Tomé el teléfono y te busqué para invitarte a comprar un helado de vainilla y con eso calmar al gorila ciego.

lunes, 26 de septiembre de 2011

Estuche del cielo

Anoche, cuando abrí el estuche del cielo, estaba limpio y oscuro. En el estuche apareció la luna como si fuera de concha nácar, grande, luminosa, servida en un plato brillante. Busqué otra luna para completar tus ojos. No la encontré. Me conformé con una sola luna llena y le platiqué de lo que sentía por dentro.
Cerré el estuche con la luna dentro, suspiré y me quedé dormido como si fuera un niño contento.
Entonces soñé.

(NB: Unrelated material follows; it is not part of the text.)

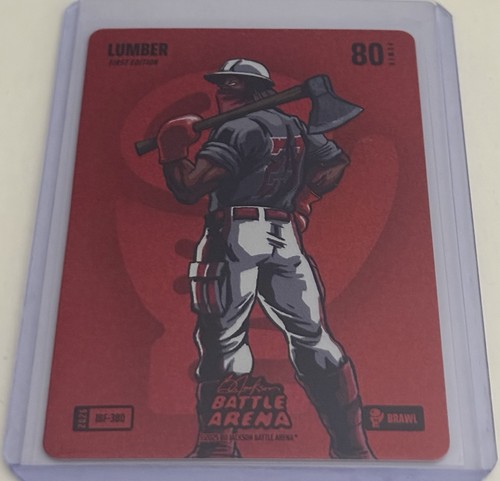 2026 Bo Jackson Battle Arena `Lumber` James Wood Red Battlefoil Brawl #IBF-380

Tenía unas alas enormes, fuertes y me elevé por ese cielo oscuro. Enfilé hacia el rumbo en donde te encontrabas. Llevaba conmigo la llave de tu corazón ya abierto. Llegué, abrazé tu cuerpo, en silencio. No quise despertar tus ojos. Sonreíste. Pensé sabrías que era yo. Y me dejaste hacer. Besé tus mejillas y tomé tu cabello entre mis dedos.
Estabas desnuda, te sentí vibrar. Jugueteé con tu piel, la recorrí en todos sus rincones y valles. Bebí de tu aliento el sabor del cielo y me derretí como un helado de vainilla en los labios. Me quedé dormido en tu pecho, con la sonrisa pintada en el rostro, cansado de tanto sabor a ti.
Desperté. Abrí los ojos. Estiré los brazos para encontrarte a mi lado. Tú aún dormías. Miré tu cara y le dí un último beso. Me levanté repleto de silencio, sin mover un solo pedazo de las sábanas. Y volé tan lejos que llegué hasta en donde ahora estoy, lejos de tí.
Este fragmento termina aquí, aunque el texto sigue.